### DATA SEGMENT:
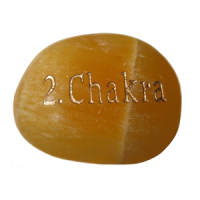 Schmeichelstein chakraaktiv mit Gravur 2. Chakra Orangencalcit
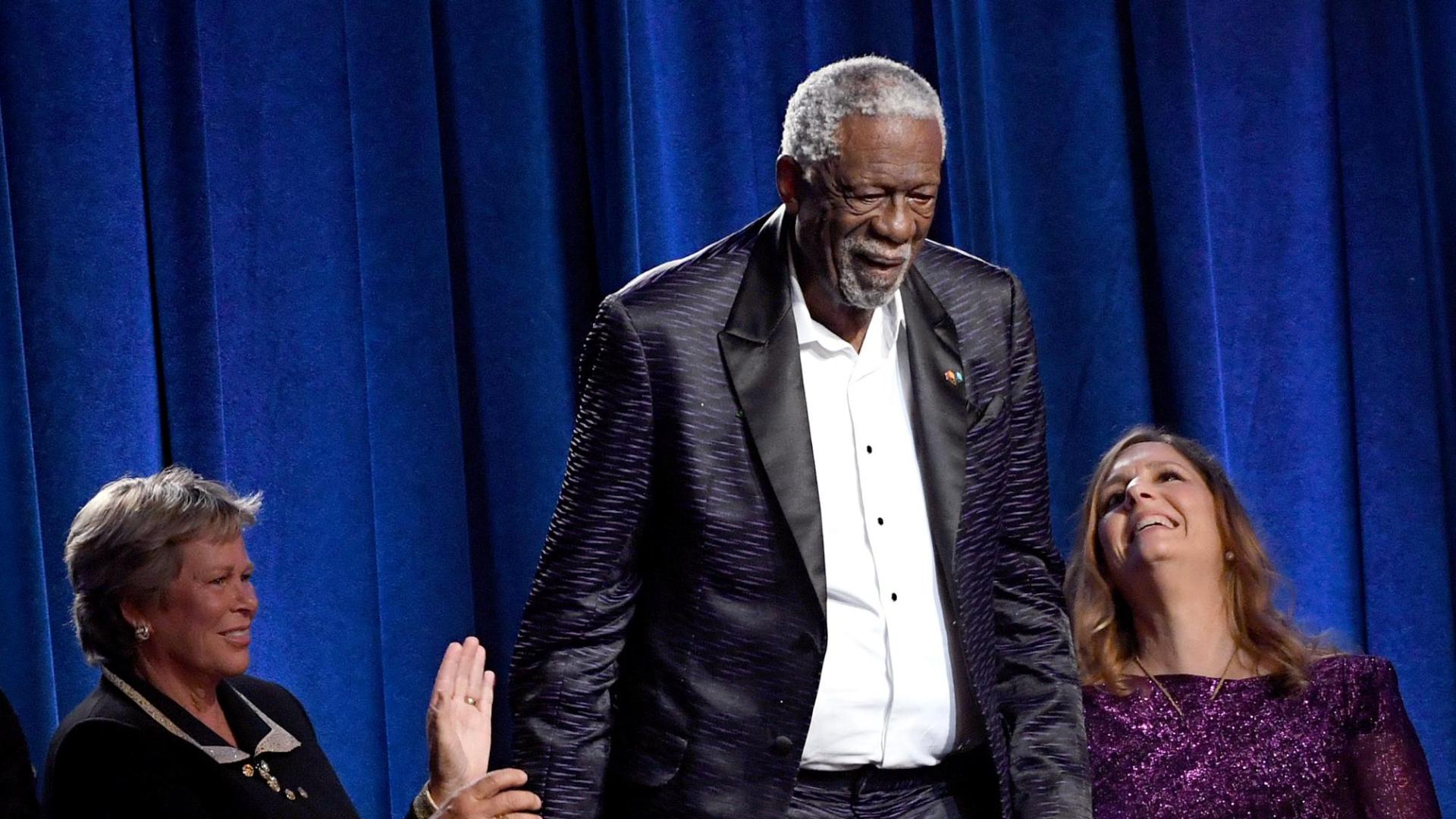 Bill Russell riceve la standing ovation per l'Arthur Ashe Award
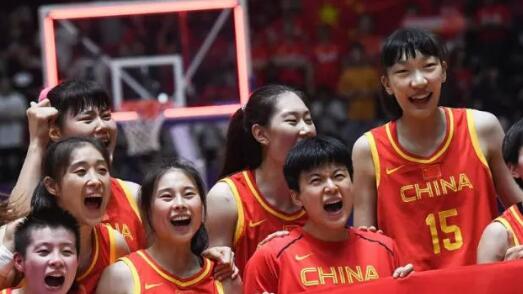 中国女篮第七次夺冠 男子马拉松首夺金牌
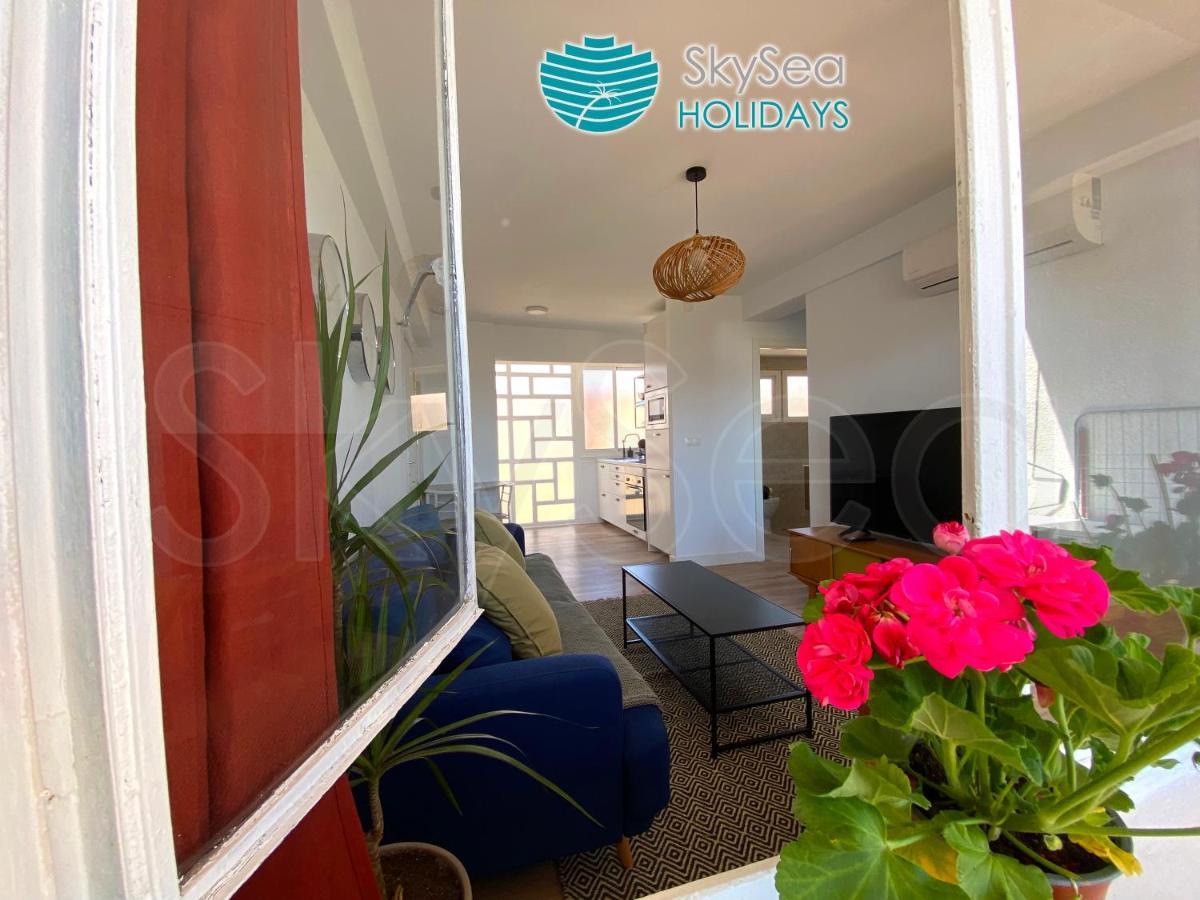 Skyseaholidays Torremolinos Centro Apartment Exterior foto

### TASK STATEMENT:
Once the pictures are set aside, please output all the data word for word.

### SOLVED PROBLEM:
 Schmeichelstein chakraaktiv mit Gravur 2. Chakra Orangencalcit
 Bill Russell riceve la standing ovation per l'Arthur Ashe Award
 中国女篮第七次夺冠 男子马拉松首夺金牌
 Skyseaholidays Torremolinos Centro Apartment Exterior foto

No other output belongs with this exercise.